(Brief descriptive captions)
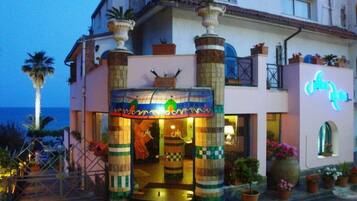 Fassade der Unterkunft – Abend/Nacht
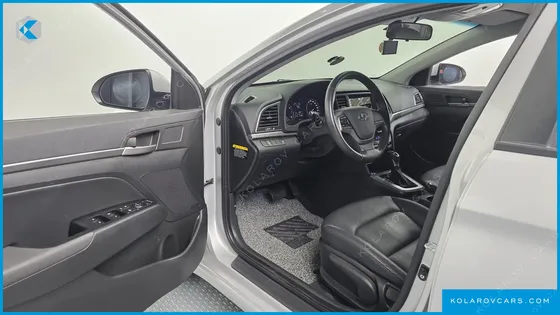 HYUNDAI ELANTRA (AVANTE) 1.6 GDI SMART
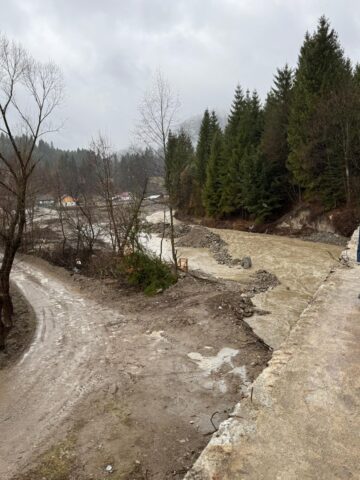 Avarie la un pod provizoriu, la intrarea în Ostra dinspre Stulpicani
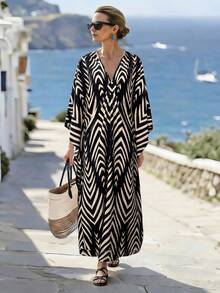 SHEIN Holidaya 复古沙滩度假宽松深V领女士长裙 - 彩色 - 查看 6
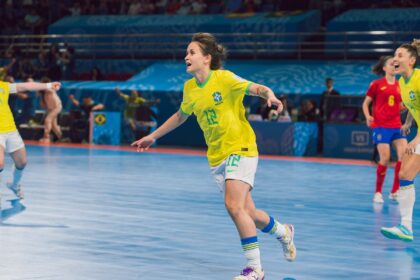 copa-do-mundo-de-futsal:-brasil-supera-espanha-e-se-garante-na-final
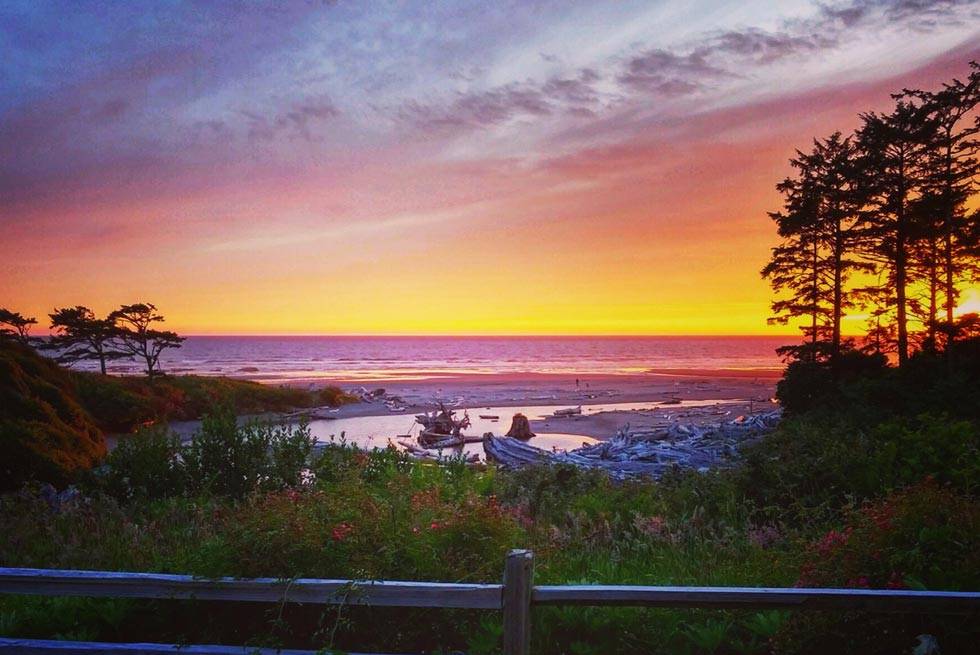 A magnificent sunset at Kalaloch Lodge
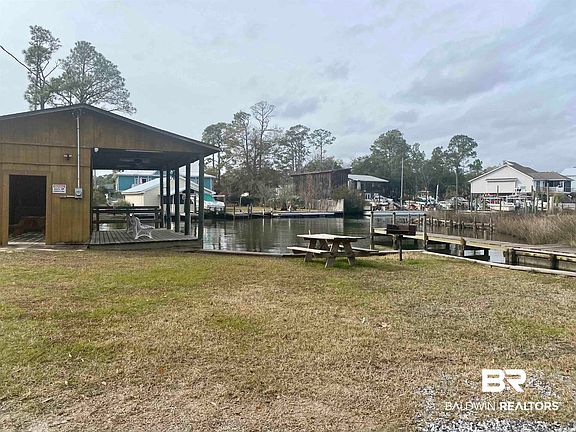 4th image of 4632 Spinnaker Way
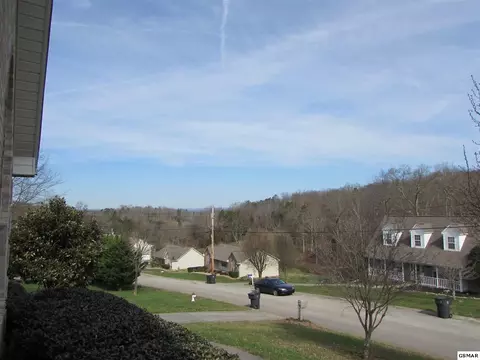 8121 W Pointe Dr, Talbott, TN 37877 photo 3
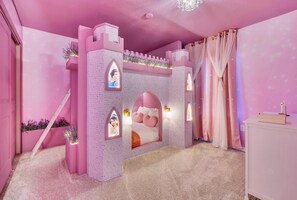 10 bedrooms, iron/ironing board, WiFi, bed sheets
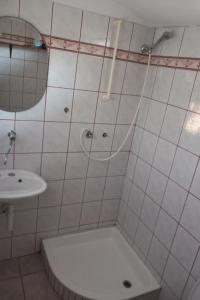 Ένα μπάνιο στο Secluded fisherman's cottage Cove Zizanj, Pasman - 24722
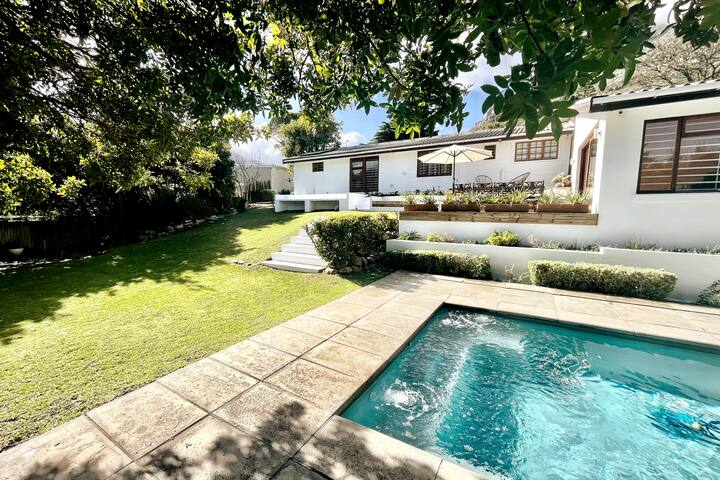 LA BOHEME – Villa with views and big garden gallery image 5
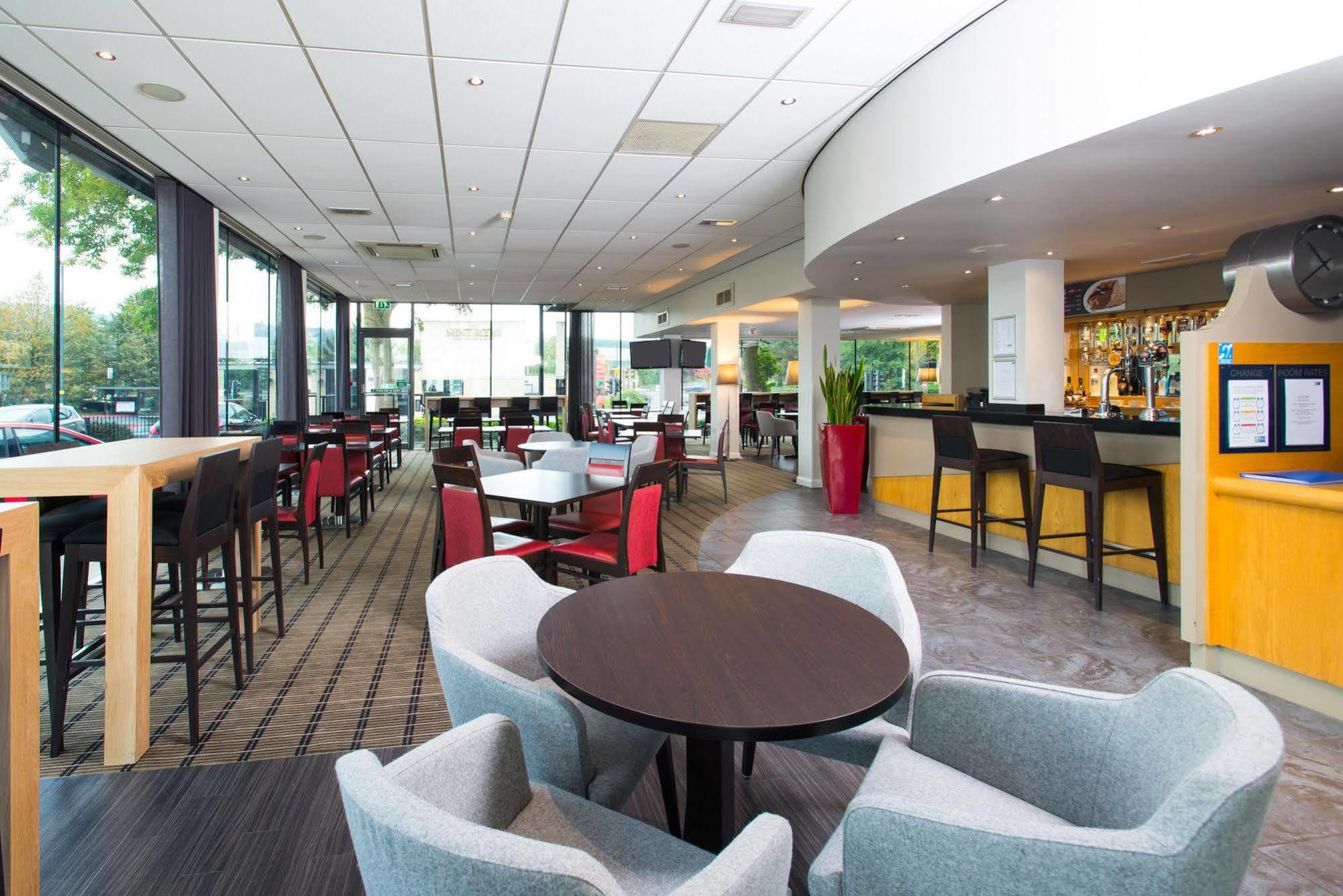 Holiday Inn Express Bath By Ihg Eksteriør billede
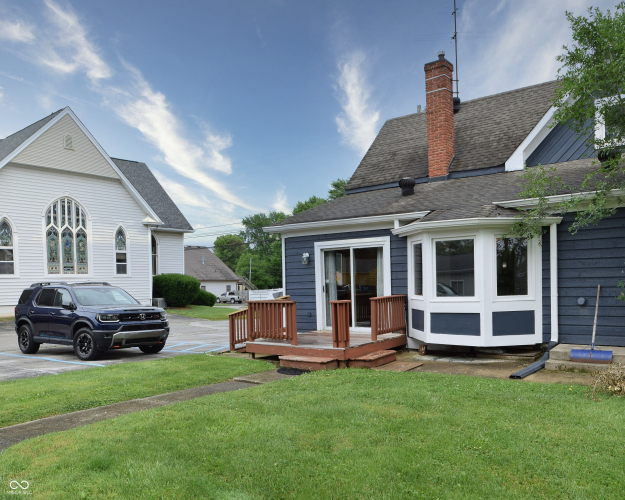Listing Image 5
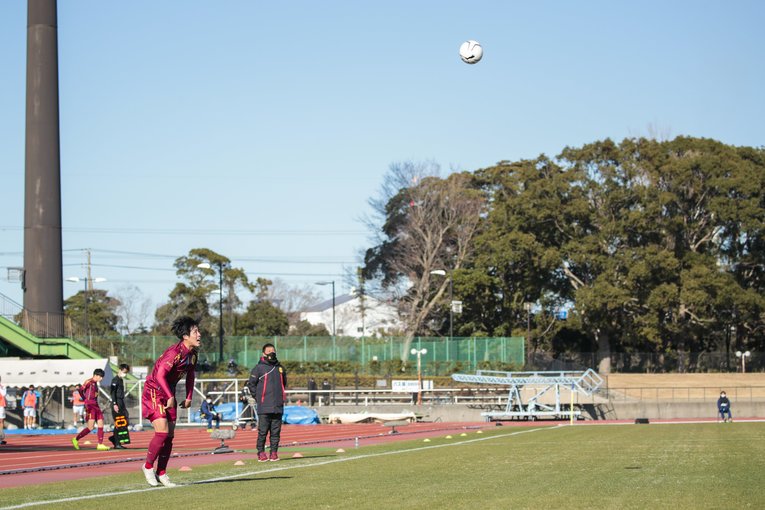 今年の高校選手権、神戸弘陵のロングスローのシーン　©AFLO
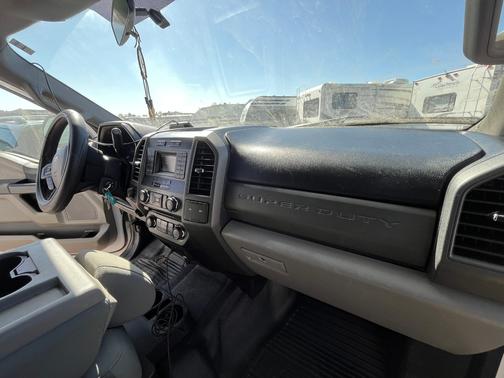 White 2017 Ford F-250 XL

• What you should do
Only the lines from the one that contains "Listing Image 5" to the end of the records, inclusive, are to be quoted exactly, with pictures excluded.

• Reply to the exercise
Listing Image 5
 今年の高校選手権、神戸弘陵のロングスローのシーン　©AFLO
 White 2017 Ford F-250 XL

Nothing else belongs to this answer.